JPMorgan Chase & Co. is recommending a risk-on investment allocation for 2020 as the global economy gathers momentum in the wake of the slowdown of recent months.
Stocks are a common theme across the Wall Street giant’s top trades, including bets on Japanese banks, German equities and emerging markets, a note by strategists including Nikolaos Panigirtzoglou, Marko Kolanovic and John Normand showed Wednesday.
The firm maintains an underweight position in bonds, particularly in high-grade corporate credit, and advised betting on gold to slide.
“If cyclical or policy risks recede into 2020, it would be difficult for asset allocators to not accept higher equity weightings,” the analysts wrote. That’s especially the case given how cash and bonds yield “significantly” less than equities now, they wrote.

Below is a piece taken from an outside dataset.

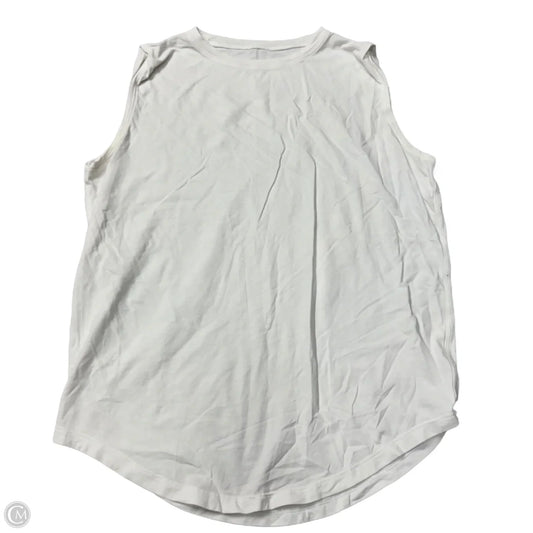 Athletic Tank Top By Lululemon In White, Size: M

The bottoming-out of global manufacturing purchasing manager indexes and strength of U.S. labor markets are lowering U.S. recession risks, the team wrote, adding confidence to the idea that the Federal Reserve’s three 2019 interest-rate cuts are simply a mid-cycle adjustment.

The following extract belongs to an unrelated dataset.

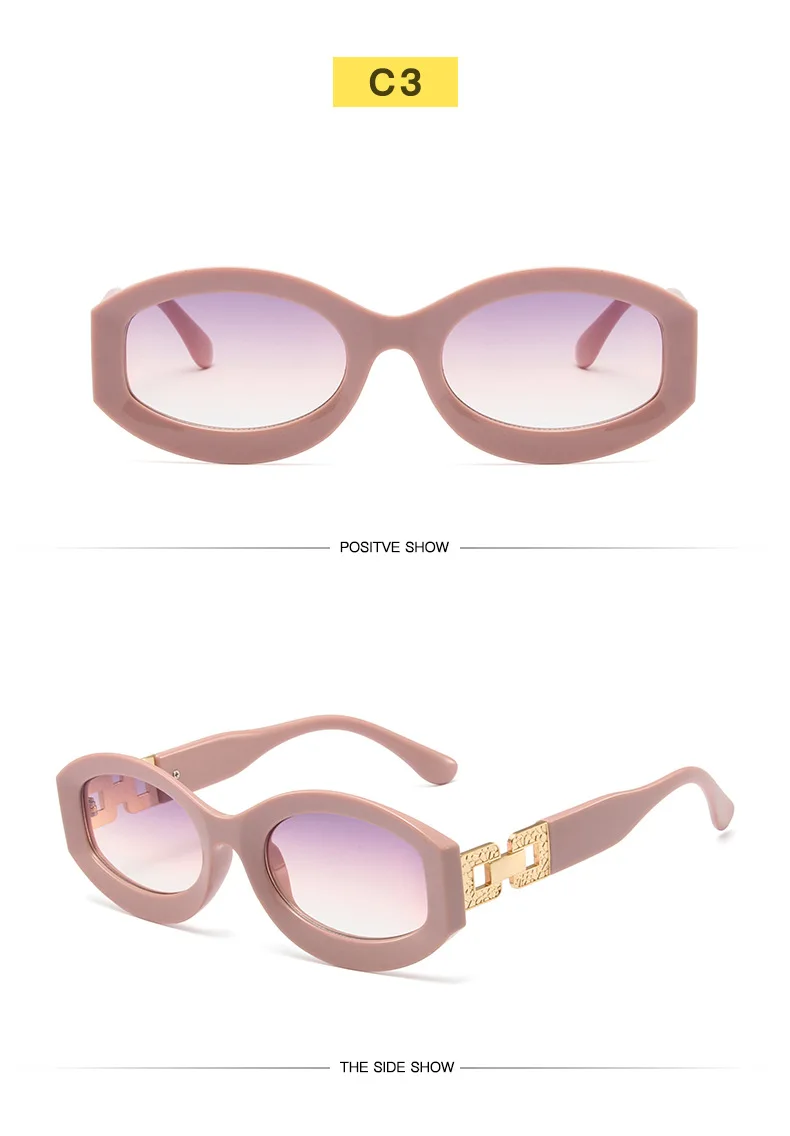 Vintage Ovale Sonnenbrille Frauen Marke Designer Brille Frauen/Männer Cateye Retro Brillen Frauen Vintage Lentes – Detail 12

They boosted their allocation to government bonds to -3% from -6% versus the benchmark, and cut corporate bonds to -8% from -5%. Front-end Treasury rates are likely to be supported through the first quarter as the Fed appears comfortably on hold, according to the bank.
Last December, the strategists recommended a positive stance on equities versus bonds on the idea that earnings would continue to beat expectations. While bonds have rallied this year, they’ve returned far less than the global MSCI ACWI stock index.

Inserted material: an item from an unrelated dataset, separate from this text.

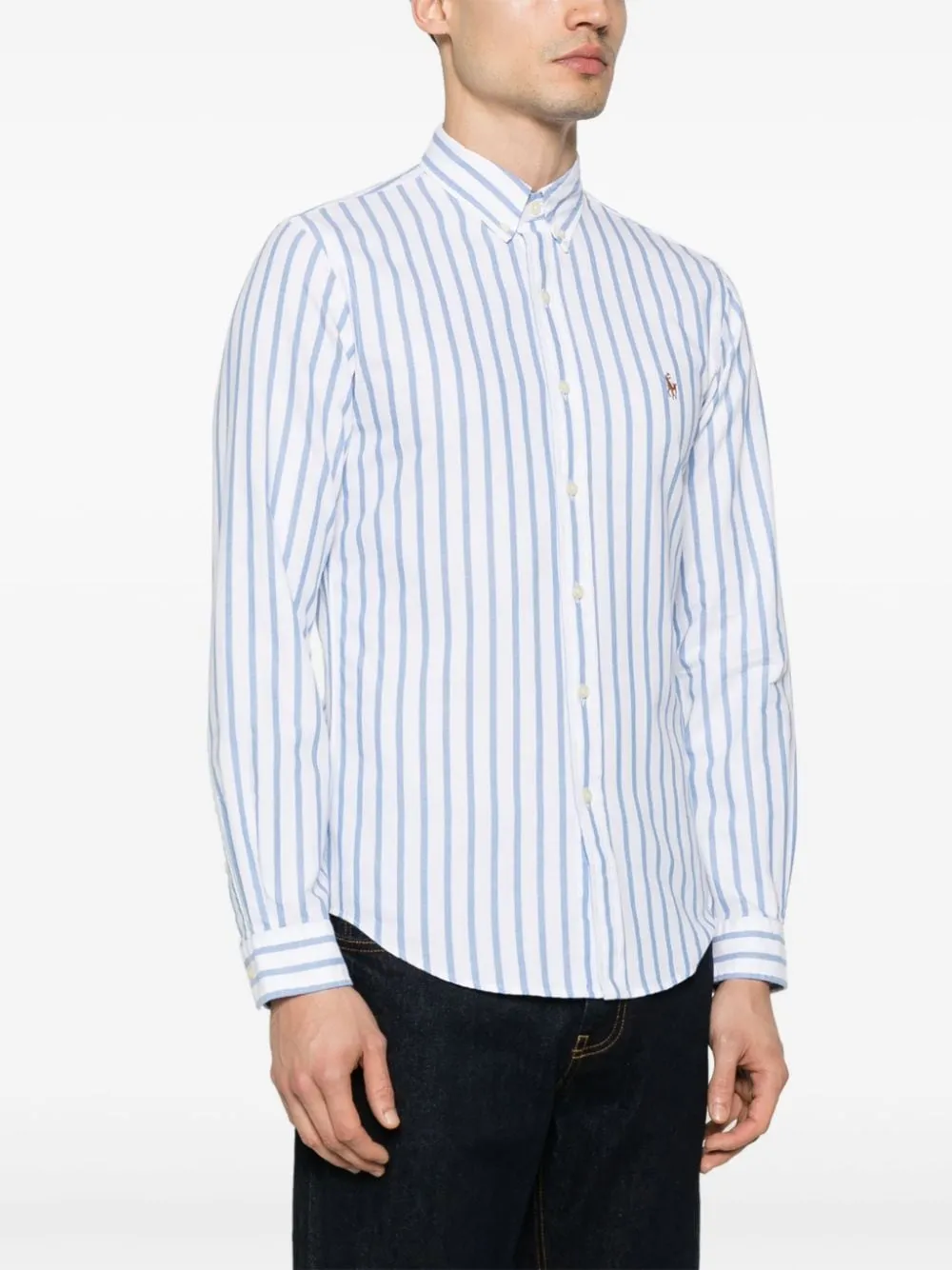 Pony Embroidered Striped Shirt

Last year’s call on the median level on the Cboe Volatility Index would be between 15 and 16 proved right, as it’s just above 15 year-to-date. However, the strategists also recommended implementing hedges across asset classes in anticipation of greater volatility, whereas swings have become muted, particularly in currencies.
JPMorgan flagged the biggest risk in 2020 as the U.S. presidential election, particularly if a progressive candidate like Elizabeth Warren wins the Democratic Party nomination. It recommends going long volatility on the U.S. dollar/Swiss franc pair as a hedge against risks from the primary elections where the Democrats will pick their nominee.